市場があり、野菜は果物、肉類など、様々な物が揃っていた。やはり、食べ物は前世とそう変わらないようだ。俺はひとまず、胸を撫で下ろした。食事は生活の要となるから、かなり重要なのだ。
建物はほとんど石造りで、街道も石でできている。
全体的に重厚感があるが、大して特徴もない、そんな街だった。
しかし、何故だろう。少し違和感がある。この世界に来てからは違和感ばかりだが、できれば全て杞憂に終わってほしいものだ。まあ、気にしていても仕方ない。今は目的を達成するとしよう。
「フェリス、掲示板のような物はあるか?」
「ここからもう少し西に行った場所にありますが……直接呼びかけた方が良いのでは?」
「いや……俺はまだ魔王になったばかりだから、求心力もないだろう」
「なるほど。流石はアスト様です」
フェリスに褒められたのは嬉しいが、何だか情けない気もする。だが、そんなことはどうでも良い。早く素直に喜べるように、頑張れば良いだけだ。

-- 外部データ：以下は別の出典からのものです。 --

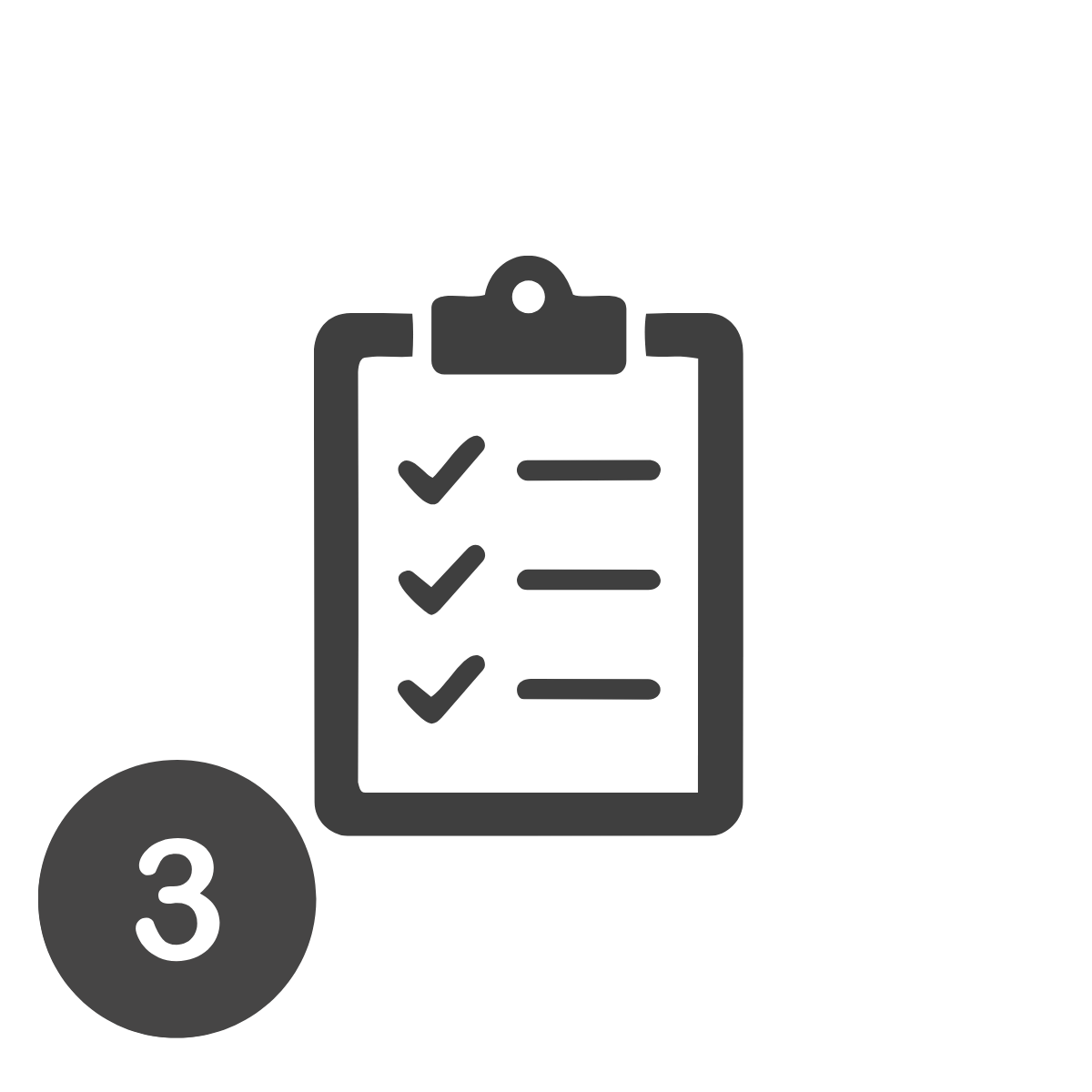 Checklist on a clipboard with three checkmarks. Number 3 in a circle at the bottom left.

くだらないことを考えながら、俺はフェリスと西へ向かった。
道中見かけたが、どうやらルフナは、武器屋や防具屋、道具屋などもあるようだ。
掲示板はギルドの外にあった。しかし、ついギルドに興奮して中に入ろうとしたら、フェリスに連れ戻された。確かに、目的を忘れてはいけないな。ギルドは後回しにして、俺は掲示板の前に行った。
最初は兵士が集まらなくても、仕方ないだろう。そう思いつつ、俺は『傭兵募集』と銘打った羊皮紙を掲示板に貼りつけた。兵士が集まれば、魔王としての力も取り戻せるだろう――そんな考えでいたが、それ程単純なことではないと知るのは、少し後のことになる。